ハン・チェー将軍の身に降りかかったことは、実はすべてが明らかにはされていない。
だが、元ダイアモンド・ドッグズの兵士たちの証言が正しいというならば。あの日、わずか半日にも満たない時間で。恐ろしいビッグボスは、将軍のあらゆるものを奪いつくし、破壊しつくしたということになる。
彼は”戦場に引きずり出され”、容赦なく徹底的に攻撃されたのだ。
戦闘班でこれに参加したというウェアウルフはその事を実際に見たのだという。
「ビッグボスは、かなり無茶をやっていると俺達は思ってたよ。それでも、作戦中にトラブルは”なにもなかった”のだから、すごい話さ。将軍と、彼の下に居た連中はまったく俺達の相手じゃなかった」
――将軍への攻撃、これはわかりますが。

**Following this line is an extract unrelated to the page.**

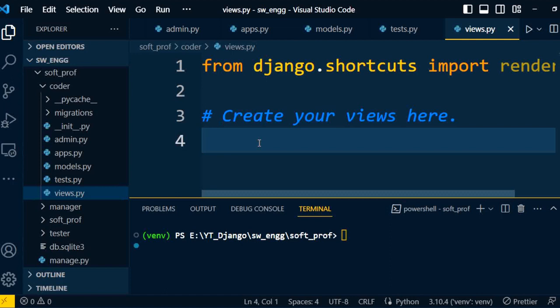In the next video I will explore how to write the views in the views.py file. Thanks for watching this video.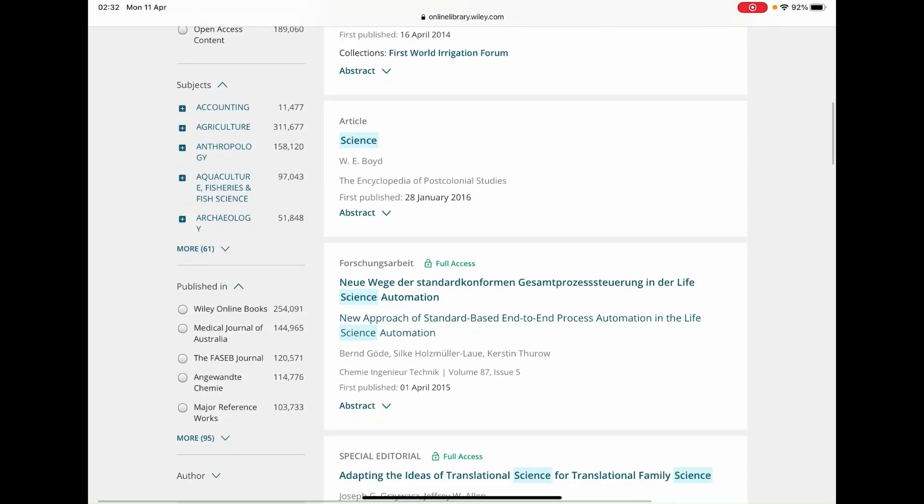Subjects allow you to select a subject of interest that you hope to find articles in relation to what you want to search for.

なぜ、ビッグボスはその家族を襲ったのでしょう?
「さぁね……あんたはどう思う」
――報復、ですか?
「ああ、それは間違いないとは思う。あの時の俺達のボスは、本当におっかなかったからな」
――他にも、なにか?
「――あんたが信じるかどうか、だな。俺はそう信じてる」
―ーはい
「俺達のボスはな。多分だが……あの馬鹿をやらかした将軍の子供達を。守ろうとしたんじゃないかな?」
やはり、ビッグボスにはなんらかのカルト的なカリスマがあるらしい。
事実でも伝説でも、彼ら怒れる復讐鬼となったダイアモンド・ドッグズは。将軍とその家族に、凄まじい惨劇をくれてやったことだけは間違いないというのに……。それでも彼の部下だった男達は、それを平然と口にするのである。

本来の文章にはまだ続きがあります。